Guatemala Alotenango - Guacatepeque Small Producers
City, Full City, City+ with Stretched Drying, City+ with Stretched Development post 1st Crack, and one surprise
This coffee is a careful construction, built by blending some smaller batches together. Each batch was selected for what it gave to the whole and how it worked with the other coffees, the most important thing being the excellent preparation. This area against the Volcan De Fuego in Alotenango has a couple really important things that lend themselves to really sweet and balanced coffee, outside of the preparation itself. The volcanic soil is rich with organic inputs from the surrounding forest preserve for one, but that soil must be managed since there's also a high presence of volcanic ash. These farms have decent elevation for the area as well as excellent bourbon stock, and the forest preserve also protects the water supply which is vital.
The coffee cups as a very sweet forward offering. There's not a lot of fruited notes in this coffee outside of the sugary raisin-like dried fruit notes, but can show some crisp malic apple in the lighter roasts. The caramel, almond, cocoa and countless other sweet descriptors that come to mind when drinking this coffee though make it a really approachable and roastable offering, you can do a lot with this in the roaster and still have a coffee that almost anyone is going to be really happy with, and it also is an excellent component in an espresso but can stand on it's own in producing a sweet SO shot with a long finish.

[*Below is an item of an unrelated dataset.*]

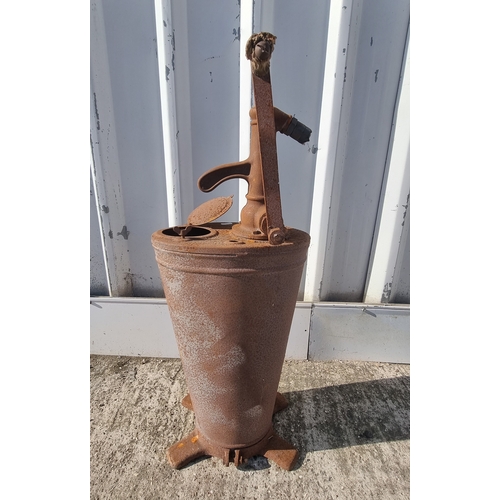 16 - An unbranded forecourt oil dispenser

This coffee was an early arrival, we had it available in early April. We were very excited to have such a fresh sweet offering from Central America up this early, it was a priority for us this year. We recently put this coffee up in one of our regular blind cuppings and were pleased to find that it had actually bumped up a little score wise. There were some grape like tartaric notes in the cup, as well as an abundance of caramel, cocoa and spice. The excellent preparation on the coffees that went into this lot really shows here in the way this coffee has settle since arrival and how the sweetness has even grown a bit since we first launched it.

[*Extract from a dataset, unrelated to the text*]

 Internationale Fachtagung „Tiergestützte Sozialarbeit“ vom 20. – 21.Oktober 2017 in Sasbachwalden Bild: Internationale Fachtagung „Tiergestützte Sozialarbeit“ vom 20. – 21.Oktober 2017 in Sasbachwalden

This had a really bright dry fragrance, crisp malic apple but also a good deal of citric acidity too that showed even more livelier in the wet aroma and break. All the sweetness is there right away even in the hot cup. The mouthfeel is pretty wet and open, not thin but not quite juicy either. The crispness of the malic apple really accentuates this mouthfeel with how it punctuates the finish. This is the brightest cup, not quite the sweetest, but this performed really well in a V60 brew, really light and sweet, and made an excellent iced coffee using the half water half ice for the water volume method.
Sweet toasted malts on the dry fragrance and aroma, and with that toastiness there's a deep deep honey raisin sweetness in the wet aroma and break especially. There's a long syrupy finish, toasted caramel in the front end of the cup, and some of that honey raisin, but this roast is much more caramel and cocoa sweet than fruited. This make a great press pot brew, and I had some excellent clever brews of it as well, those classic crowd-pleaser cocoa notes all throughout it.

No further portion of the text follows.